INFORMATION:
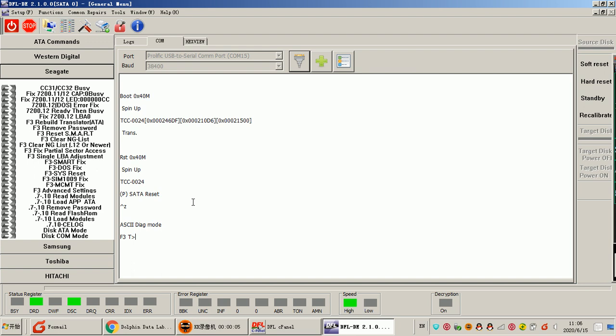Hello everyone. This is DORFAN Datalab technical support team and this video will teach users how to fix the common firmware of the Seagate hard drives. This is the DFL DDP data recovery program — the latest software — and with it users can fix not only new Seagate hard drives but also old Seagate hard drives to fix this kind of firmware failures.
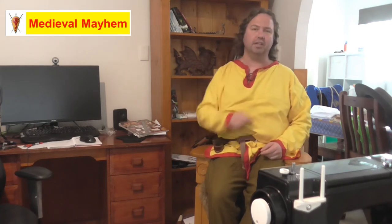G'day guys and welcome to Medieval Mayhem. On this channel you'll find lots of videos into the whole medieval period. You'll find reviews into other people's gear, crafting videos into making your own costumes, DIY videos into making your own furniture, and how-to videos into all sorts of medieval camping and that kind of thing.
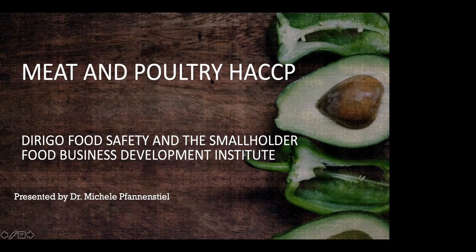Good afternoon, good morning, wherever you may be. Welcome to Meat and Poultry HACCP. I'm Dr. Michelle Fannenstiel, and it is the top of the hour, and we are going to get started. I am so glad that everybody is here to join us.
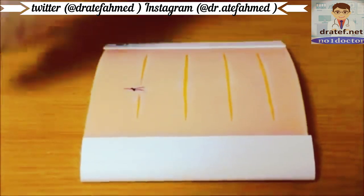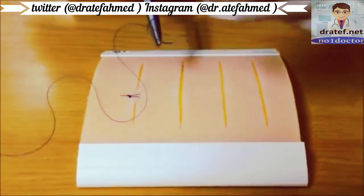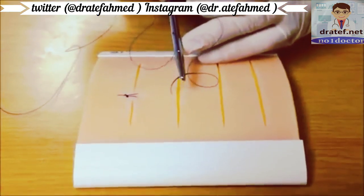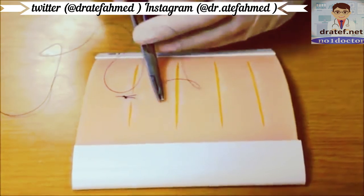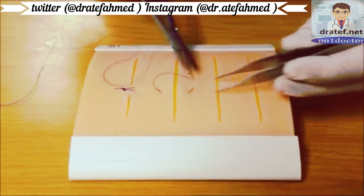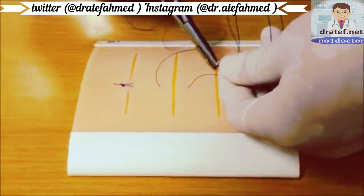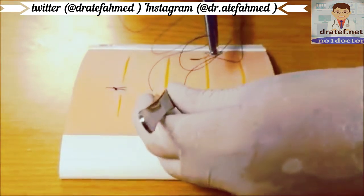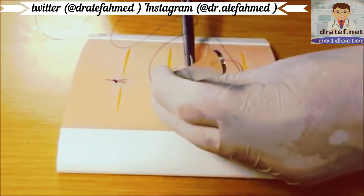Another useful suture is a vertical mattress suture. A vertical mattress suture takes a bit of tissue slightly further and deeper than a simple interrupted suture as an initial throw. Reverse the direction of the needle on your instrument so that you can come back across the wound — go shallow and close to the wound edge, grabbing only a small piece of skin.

---

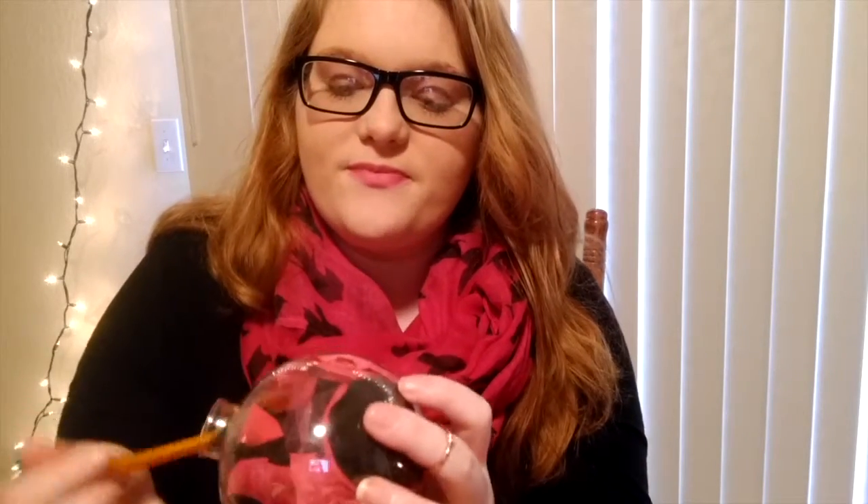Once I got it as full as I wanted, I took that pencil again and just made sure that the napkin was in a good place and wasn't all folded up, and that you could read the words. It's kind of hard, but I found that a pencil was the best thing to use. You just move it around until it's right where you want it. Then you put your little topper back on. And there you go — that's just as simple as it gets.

WORK INSTRUCTIONS:
Your reply should hold nothing but the lines above, from the one containing "G'day guys and" to the one containing "Another useful suture", reproduced exactly minus the pictures.

WRITTEN ANSWER:
G'day guys and welcome to Medieval Mayhem. On this channel you'll find lots of videos into the whole medieval period. You'll find reviews into other people's gear, crafting videos into making your own costumes, DIY videos into making your own furniture, and how-to videos into all sorts of medieval camping and that kind of thing.
Good afternoon, good morning, wherever you may be. Welcome to Meat and Poultry HACCP. I'm Dr. Michelle Fannenstiel, and it is the top of the hour, and we are going to get started. I am so glad that everybody is here to join us.
Another useful suture is a vertical mattress suture. A vertical mattress suture takes a bit of tissue slightly further and deeper than a simple interrupted suture as an initial throw. Reverse the direction of the needle on your instrument so that you can come back across the wound — go shallow and close to the wound edge, grabbing only a small piece of skin.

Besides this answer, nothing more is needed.